The political head of the LTTE alleged in the letter that the Sri Lankan army was involved in the attack on Monday at Madhu that led to the death of 18 civilians, including 12 school children.
'On 28 January, at 2.30 pm, a Sri Lankan military Deep Penetration Unit attacked a civilian bus on the Madhu-Palampiddy road in the Mannar district killing 18 civilians including 12 children,' Nadesan said in the complaint lodged with the UN Secretary General.
'The attackers would have known that buses at that time carry school children returning home from school. This attack on a bus with scores of children, therefore, deliberately targeted the children. Among the 18 civilians killed were 12 children aged from 8 to 16,' he said.
Refuting the LTTE charges, a Sri Lankan military spokesman said the attack took place in the rebel-controlled area and the involvement of Sri Lankan army does not arise.
Nadesan, the political chief of the Tamil Tigers, in his letter to the UN Secretary General accused the Sri Lankan military of being responsible for aerial bombing of a village in Mullaithivu in which seven children were killed on January 4.
'Since the present President of Sri Lanka (Mahinda Rajapaksa) assumed office in November 2005, as many as 2,056 Tamil civilians including 132 Tamil children have been massacred by the Sri Lankan State Forces,' he wrote.
He alleged that the 'pace of civilian killing by the Sri Lankan State, after unilaterally abrogating the ceasefire agreement of February 2002, after evicting the ceasefire monitoring mission, the SLMM, and after adamantly refusing to allow UN human rights monitoring body continues to increase.'
Nadesan said it should be 'obvious to the international community by now that our organisation has demonstrated its readiness to cooperate with the international community.'
Nadesan said the LTTE has consistently called for the 100 per cent implementation of the internationally-supported ceasefire agreement of February 2002 for regaining the rights of the Tamils.

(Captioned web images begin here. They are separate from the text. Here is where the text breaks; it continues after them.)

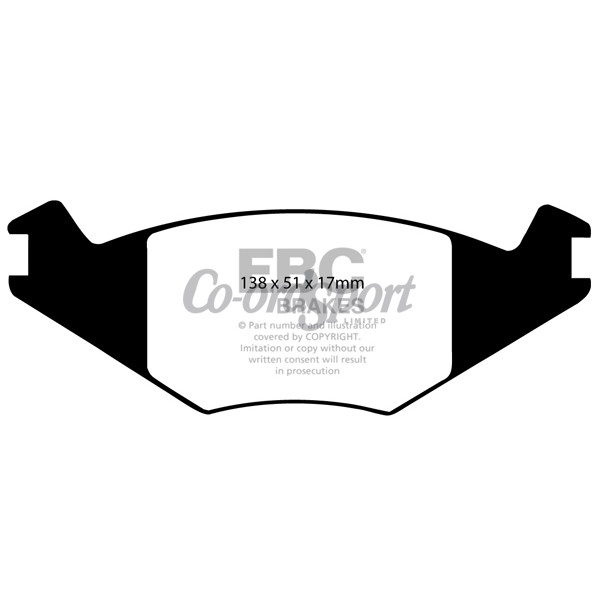 EBC Ultimax OEM Replacement Brake Pads image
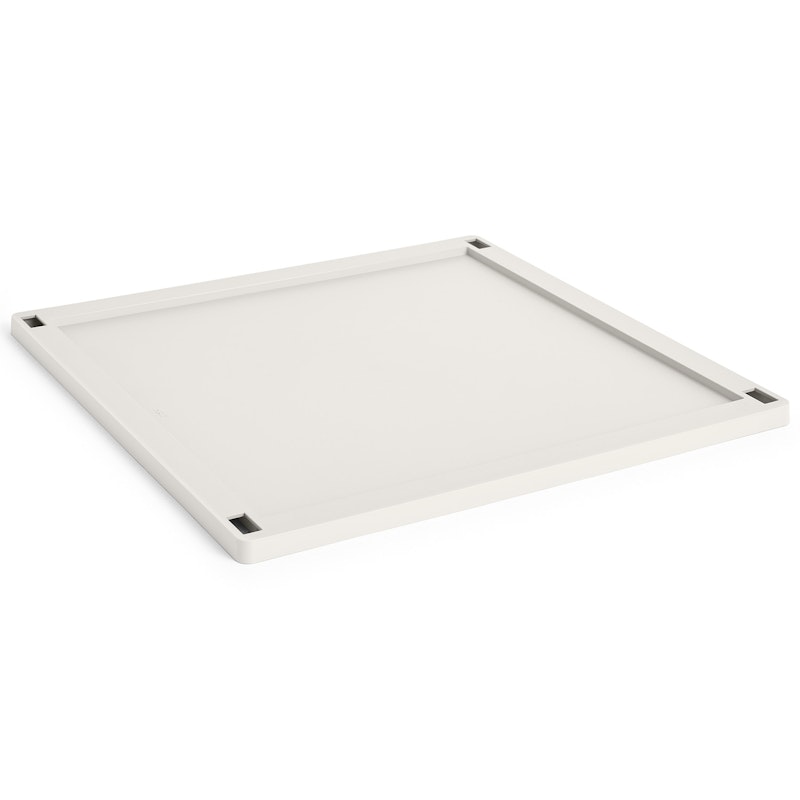 Colour Crate Plastic Medium Square / Cube Lokk, Off-white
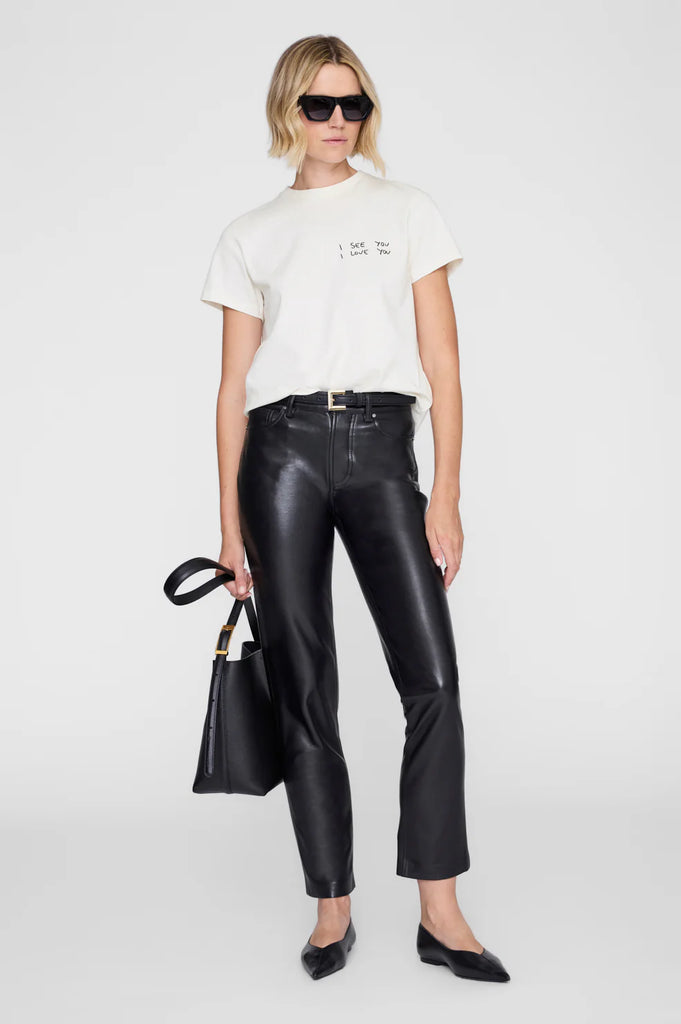 Shelley Tee I See You I Love You in Washed Cream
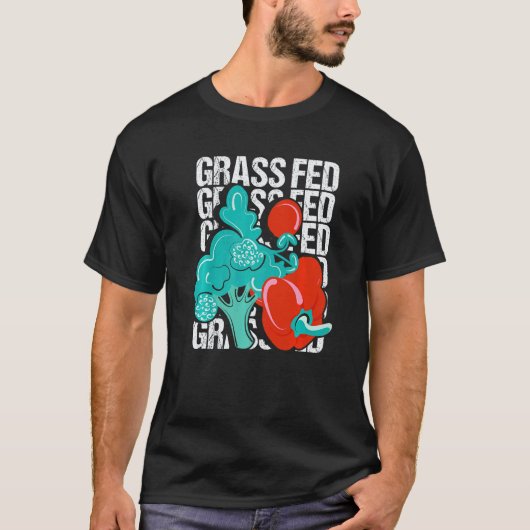 Grünfutter-Vegan-Diät-Kraft T-Shirt (Vorderseite)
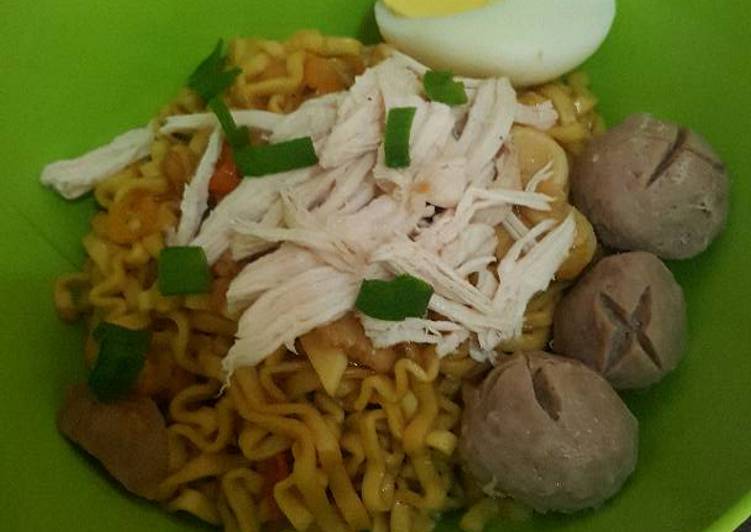 Resep Mie Cakalang Pedas kw, nomsg Kiriman dari Intanrony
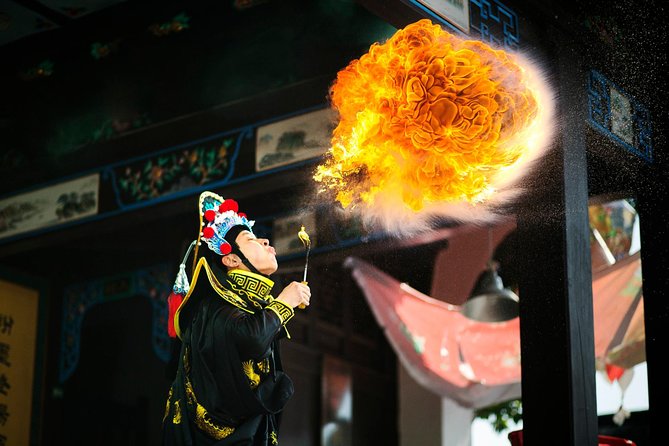Classsic sichuan Opera at sichuan Provincial Theater - Acrobats, fire, and bright costumes add variety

'We also cooperated fully with the Norwegian facilitators, respecting the wishes of the international community, in drafting and implementing agreements on humanitarian relief, de-escalation and post-tsunami reconstruction that were later abrogated by the Sri Lankan State,' Nadesan said.
Thousands of people have been killed since the LTTE launched its separatist campaign to form an independent State for the Tamils in the island nation.